╭─ SOURCE RECORDS
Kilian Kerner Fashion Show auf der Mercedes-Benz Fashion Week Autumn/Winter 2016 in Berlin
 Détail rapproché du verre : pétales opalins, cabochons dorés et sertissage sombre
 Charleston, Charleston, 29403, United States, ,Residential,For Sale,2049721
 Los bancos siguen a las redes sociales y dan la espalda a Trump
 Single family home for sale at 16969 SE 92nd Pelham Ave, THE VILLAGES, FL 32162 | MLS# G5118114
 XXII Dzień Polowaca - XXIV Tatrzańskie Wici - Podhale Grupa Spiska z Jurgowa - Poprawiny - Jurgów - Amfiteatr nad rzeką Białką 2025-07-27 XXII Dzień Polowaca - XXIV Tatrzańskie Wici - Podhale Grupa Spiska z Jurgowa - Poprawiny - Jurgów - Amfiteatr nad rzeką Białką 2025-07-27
╰─
ABOUT THIS EXERCISE:
Please transcribe the material line by line, exactly, from its opening line through the line that contains "Single family home".

ANSWER FOR THIS EXERCISE:
Kilian Kerner Fashion Show auf der Mercedes-Benz Fashion Week Autumn/Winter 2016 in Berlin
 Détail rapproché du verre : pétales opalins, cabochons dorés et sertissage sombre
 Charleston, Charleston, 29403, United States, ,Residential,For Sale,2049721
 Los bancos siguen a las redes sociales y dan la espalda a Trump
 Single family home for sale at 16969 SE 92nd Pelham Ave, THE VILLAGES, FL 32162 | MLS# G5118114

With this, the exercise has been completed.